_Records for this task_
┌────────

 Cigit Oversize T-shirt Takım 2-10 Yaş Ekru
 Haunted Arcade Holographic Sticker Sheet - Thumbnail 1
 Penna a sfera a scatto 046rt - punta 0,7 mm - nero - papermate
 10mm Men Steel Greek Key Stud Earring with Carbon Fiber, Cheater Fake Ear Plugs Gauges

└────────
┌────────

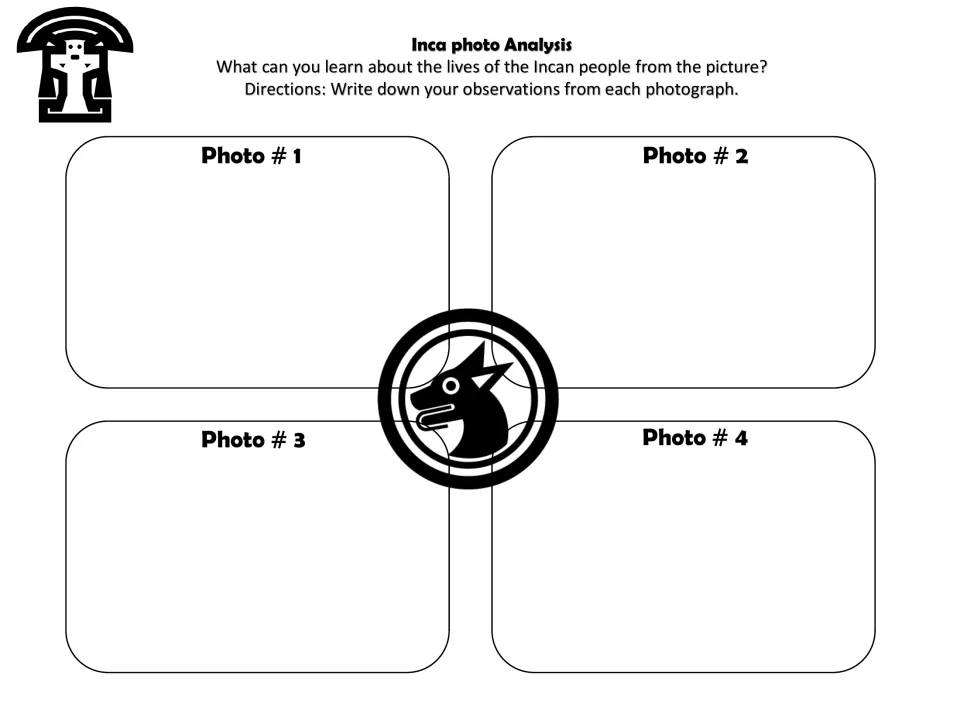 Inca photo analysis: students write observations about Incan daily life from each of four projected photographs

└────────

Quote the data above from the line containing "Penna a sfera" to the line containing "10mm Men Steel", inclusive, and stop.

 Penna a sfera a scatto 046rt - punta 0,7 mm - nero - papermate
 10mm Men Steel Greek Key Stud Earring with Carbon Fiber, Cheater Fake Ear Plugs Gauges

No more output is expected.